Chacun à leur manière, Swin, portoricain qui a grandi en Floride puis dans le Kentucky, et Kyle, orphelin parti pour la Géorgie, ont glissé dans la marginalité. Le premier parce qu’il se sent trop intelligent pour avoir une vie rangée, le second parce qu’il n’a pas vraiment eu le choix mais aussi parce qu’il prend un véritable plaisir dans le vol et dans la violence. Les deux jeunes hommes finissent par se rencontrer lorsqu’ils intègrent un réseau de trafic de drogue dirigé par le mystérieux Frog. Séparés de ce chef de légende par de multiples échelons et intermédiaires, ils travaillent sous les ordres de Bright, garde corrompu d’un parc naturel de l’Arkansas. C’est là, dans le parc de Felsenthal, aux confins de l’État et près des frontières du Texas, de la Louisiane et du Mississipi, qu’ils travaillent officiellement à l’entretien du par cet assure l’acheminement de drogue entre les états voisins et Little Rock. Jusqu’au jour où une mission tourne mal. Bright est tué, Swin et Kyle se retrouvent avec le paiement de la dernière livraison et incapables de quitter la routine du parc.

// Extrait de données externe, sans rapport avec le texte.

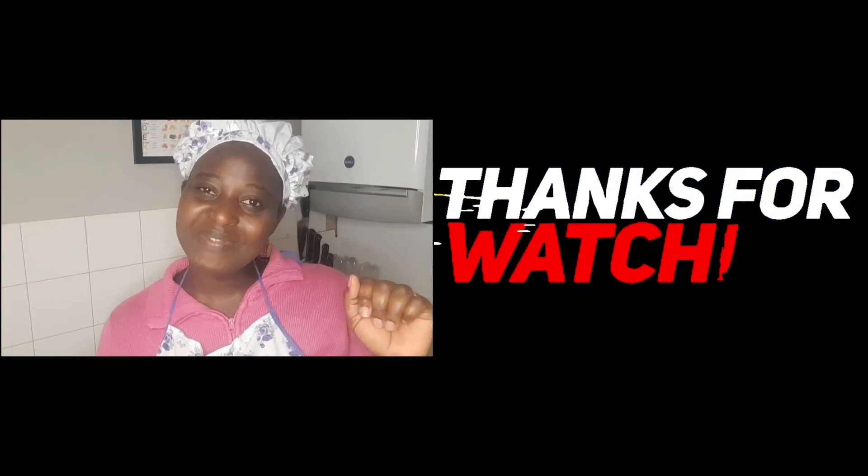Those are the tips I have for you today — I hope you find them useful. If you do, please like this video, share it, and subscribe to the channel if you haven't. If you have any questions or comments, leave them in the comment section below and I'll respond. Don't forget to turn on the bell button so you get notified when I post a new video. Thank you for watching — see you in my next video, bye!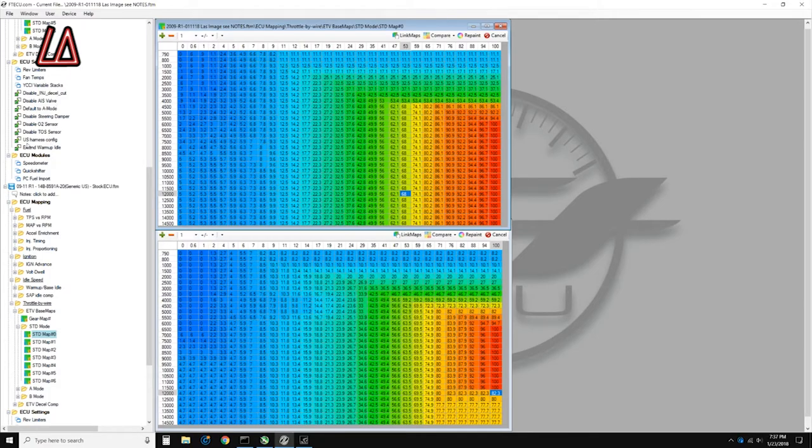Up here you can disable the injection cutoff — 'disable injection diesel cutout' — I have mine set to true. If you have it at false, it automatically shuts off fuel. If you have it at true, it's going to read what's in your fuel mapping. So I'm disabling the engine injection cutoff, which means I'm now going to be getting the fuel that's being delivered in my maps.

Continuant à exécuter des missions pour Frog, ils attendent de voir comment les choses vont tourner. Mal, bien entendu.

Premier roman de John Brandon, Little Rock se révèle tout aussi dérangeant que Citrus County, paru précédemment en France. En effet, on y retrouve cette capacité de Brandon à manier une douce ironie et à écrire des dialogues bourrés d’humour qui s’avèrent vite dissimuler un monde qui n’a rien d’amusant. Swin, Kyle, Johnna avec laquelle Swin entretient une relation, forment vite un ersatz de famille et, l’espace de quelques mois, peuvent croire à la possibilité d’une vie simple, et même, pourquoi pas, d’un semblant de bonheur. Mais c’est oublier un peu vite qui ils sont, pour qui ils travaillent et, surtout, que la disparition de Bright ne peut qu’éveiller les soupçons des autorités, même dans ce coin paumé.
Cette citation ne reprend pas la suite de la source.